When the Department of agriculture banned red dye No. 4, the food coloring, it actually did a favour for home gardeners, particularly the beet lovers among us.
In the search for a red-dye substitute, researchers took another hard look at the beet. Let's face it, outside the paint and printing-ink industry, where can you find a better-covering red than that produced by beet juice?
In any event, plant breeders stepped up their beet research, looking, among other things, for a good red dye. One of these was Dr. W. H. Gabelman of the University of Wisconsin. Dr. Gabelman has concentrated for several decades on beets, and many a gardener's satisfaction with his beet crop is directly attributable to him.
In making crossings for good color, Dr. Gabelman also turned up a breed with smooth flesh and a high sugar content (a sugar beet was included in the ancestry). This beet found its way to the Joseph Harris Seed Company in Rochester, N.Y., where Harris breeders saw in it all the qualities they wanted combined with those of one of their own promising developments. The cross was made and the result, Warrior, is a vigorous, early hybrid that has lived up to expectations in the test plots.

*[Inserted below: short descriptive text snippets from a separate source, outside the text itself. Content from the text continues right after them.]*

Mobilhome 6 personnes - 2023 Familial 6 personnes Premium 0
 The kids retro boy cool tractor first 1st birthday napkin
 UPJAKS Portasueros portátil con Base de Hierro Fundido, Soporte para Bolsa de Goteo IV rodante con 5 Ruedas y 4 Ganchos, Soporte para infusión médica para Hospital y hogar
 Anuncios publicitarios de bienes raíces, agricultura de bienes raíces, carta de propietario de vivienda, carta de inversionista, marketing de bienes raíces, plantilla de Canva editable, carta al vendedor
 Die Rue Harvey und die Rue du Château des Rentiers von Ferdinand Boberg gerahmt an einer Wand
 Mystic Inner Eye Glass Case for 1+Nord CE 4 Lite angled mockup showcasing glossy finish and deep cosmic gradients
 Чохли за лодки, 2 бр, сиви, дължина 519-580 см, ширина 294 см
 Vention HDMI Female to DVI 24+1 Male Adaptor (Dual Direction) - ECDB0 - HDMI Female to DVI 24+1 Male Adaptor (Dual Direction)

Warrior matures in less than two months (57 days, according to test results), but retains its sweetness even when left in the ground for weeks.
To grow good beets, I mix compost or old manure and a liberal sprinkling of wood ash into the topsoil, then scatter the beet seeds evenly over the entire bed. A half inch or more of sifted compost or soil goes over the seed and the whole bed is pressed firm with a broad, flat board, then watered.
It helps if the beet seeds are soaked in water, preferably a compost tea, for 12 to 24 hours planting. As with carrots, germination is both hastened and improved if the seedbed is covered with burlap and then removed once the bulk of the seeds have germinated.
Once the seedlings are up and thoroughly established, I add a light mulch of shredded leaves. As the plants continue to grow, the mulch is increased until eventually it reaches about 2 inches thick. The mulch retards competing weeds, keeps the soil cool and moist, encourages earthworm activity, and protects the developing bulb.
Beets are frost-tolerant, so they can be sown early in the spring. You needn't be concerned that they will be wiped out by an early fall frost, either. While beets grow best in cool weather, they perform moderately well throughout the summer as well. Thus, if beets are popular in your household, you can make successive sowings every two to three weeks all season long.
What surprises many newcomers to gardening is that several little beets will spring up where one beet seed was sown. That's because each beet seed is actually a fruit that may contain as many as six beet seeds. The net result is that beet plantings will almost certainly have to be thinned.
If germination has been good, I begin to remove some of the seedlings from the more crowded areas right away. Once the little beets are a few inches tall, I thin (frequently with the aid of a pair of scissors) until the beets are about an inch apart, using the thinnings for greens.
The next thinning takes place when the beet bulbs are about the size of radishes. At this stage we eat both the bulbs and the leaves. Continue thinning this way until the beets are 4 to 6 inches apart, at which stage the remaining ones are left to grow to full size.
About the only pest problem. I have with beets is the appearance of the leaf miner (a grub that tunnels its way around the leaves). Dusting with rotenone is a help, but the home gardener also might consider making a small cage, using fly screening.
Place the screen over the beet bed and the leaf miner will prove no problem at all.